Spacemacs uses “Evil mode”[1], which is available just as a regular (MELPA) package. I started with Vim and so I’ve always used evil. “Vanilla” emacs, spacemacs, now doom.
I'm curious if you've already used evil with vanilla why you'd migrate to spacemacs or doom. I've never found either to add much that a custom config can't get to easily and with more control. Maybe that's changed in the past half-decade or so since I last tried Spacemacs, though.
The vim bindings are only one part of Spacemacs. The other (and I'd say most important) part is the SPC menu that exposes hundreds of keybindings in a discoverable, unobtrusive, and interactive interface.
The keybindings are bound with evil and displayed with which-key, but the spacemacs special sauce is the keybindings themselves. There are probably thousands of them across all the optional layers. They're crowd-sourced essentially. So you don't have to set them up manually for each language/tool you work with, you just add the layer and get sensible defaults out of the box.
I guess so? And if the aim is to make something completely custom, that's fine. But the Spacemacs keybindings are very well thought out, the configuration is just as important as the feature itself.
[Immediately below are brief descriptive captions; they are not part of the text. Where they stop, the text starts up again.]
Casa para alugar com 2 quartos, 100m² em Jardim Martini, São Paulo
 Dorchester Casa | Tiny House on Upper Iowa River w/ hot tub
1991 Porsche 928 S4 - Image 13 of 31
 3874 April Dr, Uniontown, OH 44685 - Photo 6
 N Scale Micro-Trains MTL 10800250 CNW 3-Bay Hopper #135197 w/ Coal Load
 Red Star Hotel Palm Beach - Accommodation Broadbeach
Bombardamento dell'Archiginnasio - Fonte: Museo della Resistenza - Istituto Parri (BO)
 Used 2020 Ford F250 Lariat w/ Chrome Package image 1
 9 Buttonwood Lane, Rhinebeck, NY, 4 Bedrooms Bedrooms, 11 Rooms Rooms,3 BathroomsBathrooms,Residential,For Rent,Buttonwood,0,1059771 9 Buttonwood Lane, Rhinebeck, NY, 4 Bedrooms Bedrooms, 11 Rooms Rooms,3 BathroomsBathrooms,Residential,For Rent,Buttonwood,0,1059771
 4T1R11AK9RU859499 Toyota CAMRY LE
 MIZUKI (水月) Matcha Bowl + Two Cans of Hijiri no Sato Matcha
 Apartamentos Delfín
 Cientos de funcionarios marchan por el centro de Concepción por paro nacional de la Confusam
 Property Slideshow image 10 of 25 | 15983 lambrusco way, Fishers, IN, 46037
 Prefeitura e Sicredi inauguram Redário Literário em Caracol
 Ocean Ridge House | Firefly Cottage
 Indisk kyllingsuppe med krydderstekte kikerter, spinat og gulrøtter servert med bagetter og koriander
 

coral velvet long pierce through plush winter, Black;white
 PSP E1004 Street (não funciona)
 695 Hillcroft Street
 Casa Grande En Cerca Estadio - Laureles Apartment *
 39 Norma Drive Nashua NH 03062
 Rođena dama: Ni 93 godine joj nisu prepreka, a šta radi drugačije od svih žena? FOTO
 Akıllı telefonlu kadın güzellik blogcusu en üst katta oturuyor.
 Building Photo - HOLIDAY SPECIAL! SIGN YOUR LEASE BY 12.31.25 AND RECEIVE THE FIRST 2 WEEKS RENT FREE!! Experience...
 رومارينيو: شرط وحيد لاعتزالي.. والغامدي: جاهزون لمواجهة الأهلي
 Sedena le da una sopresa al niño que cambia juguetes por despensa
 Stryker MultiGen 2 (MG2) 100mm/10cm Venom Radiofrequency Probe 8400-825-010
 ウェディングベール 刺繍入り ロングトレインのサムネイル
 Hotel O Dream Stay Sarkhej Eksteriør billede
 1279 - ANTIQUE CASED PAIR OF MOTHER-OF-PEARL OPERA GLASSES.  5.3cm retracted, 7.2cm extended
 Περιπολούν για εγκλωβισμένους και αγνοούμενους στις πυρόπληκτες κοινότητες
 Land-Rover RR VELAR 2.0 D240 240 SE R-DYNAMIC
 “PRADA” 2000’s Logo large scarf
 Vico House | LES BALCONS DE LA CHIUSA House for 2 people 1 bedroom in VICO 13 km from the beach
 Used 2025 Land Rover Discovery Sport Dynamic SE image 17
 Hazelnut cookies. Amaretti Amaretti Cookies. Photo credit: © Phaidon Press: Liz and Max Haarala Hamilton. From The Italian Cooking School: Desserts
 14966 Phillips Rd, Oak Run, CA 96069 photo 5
I have a somewhat lengthy vanilla config, and I can tell you why I'm thinking about trying out Doom:
At work, I had to make some simple modifications in a go project. I've never done go before, so I had to google how to add support for it on emacs. There's always more than one choice, which one is the best maintained package? Is there an optional but ubiquitous plugin that will make it more enjoyable?
With Doom, you just add the go layer and you're good to go. I'm fine spending time setting up, i.e., a clojure config, since I use it all the time. It's well-spent effort. Not as much for a language I seldom have to use.